# Secret key model for a compression function cryptanalysis?

How do we analyze the security of a compression function in the secret key model? More formally, let $$H$$ be a hash function and $$F(IV,M)$$ its compression function. Suppose we generate a MAC as follows: $$T=F(F(K,M),M_p),$$ where $$K$$ is the MAC key and $$M_p$$ is the padded block. Can I say that if one observes the output of the inner compression function call, i.e., $$F(K,M)$$, and retrieves $$K$$, then this is a certificational weakness of the underlying compression function? (we do not consider it in any specific protocol)

• The question is unclear.
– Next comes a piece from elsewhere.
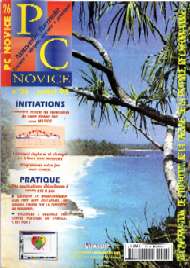 Jaquette de PC Novice — n°26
When one talks about a compression function, all the input variables can be chosen arbitrarily (or you may consider them as a large single variable). Hence recovering chaining value does not make sense, as the input is known. – Dmitry Khovratovich Jan 26 '14 at 16:52
• I'm sorry if the question doesn't make sense as I'm trying to understand the accepted cryptanalytic models. So what you're saying is this cannot be considered as a preimage attack for the compression function, if I'm chossing the input messages and collecting the oracle's responses then recovering the used chaining value? Thanks in advance. – Ricoz Jan 26 '14 at 22:36
• Consider a compression function $F(A,B) = C$. The hash function $H$ is defined as follows: let $A_0$ be constant, then $H(M_1||M_2||\ldots||M_n) = F(F(...F(F(F(A_0,M_1),M_2),M_3)...M_n)$ – Dmitry Khovratovich Jan 27 '14 at 10:40
• Can you reformulate your question using this notation? – Dmitry Khovratovich Jan 27 '14 at 10:40
• Consider the hash function $H$ and its compression function $F(IV,M)$ are used in a secret IV MAC scheme where the Tag $T= F(F(K,M),M_p)$, where $K$ is the MAC key and $M_p$ is the padded block. Can I say that if one observes the output of the inner compression function call i.e., $F(K,M)$ and retrieve $K$, then this is a certificational weekness of the underlying compression function? – Ricoz Jan 28 '14 at 4:07

Yes, if $$K$$ can be recovered from $$H'=F(K,M)$$, this is a weakness. The function $$F$$ is not preimage-resistant, and an attacker may easily generate correct tags for new messages (this is called a forgery). The proposed MAC scheme, however, is terribly weak, and forged tags for other messages can be easily produced (length-extension property): $$T(M\mathbin\|M_p\mathbin\|M') = F(T(M\mathbin\|M_p),M').$$ Still, if original $$K$$ can be recovered, forged tags can be produced for even shorter messages.
However, there could be many $$K$$'s that produce the same $$H'$$. If the cost of finding the original $$K$$ is still higher than the exhaustive search, then such attack is useless for forgery, as the attacker would have to use the length-extension attack. However, the compression function is still vulnerable to preimage attacks, which may be exploited in other constructions (for example, meet-in-the-middle attacks on hash functions).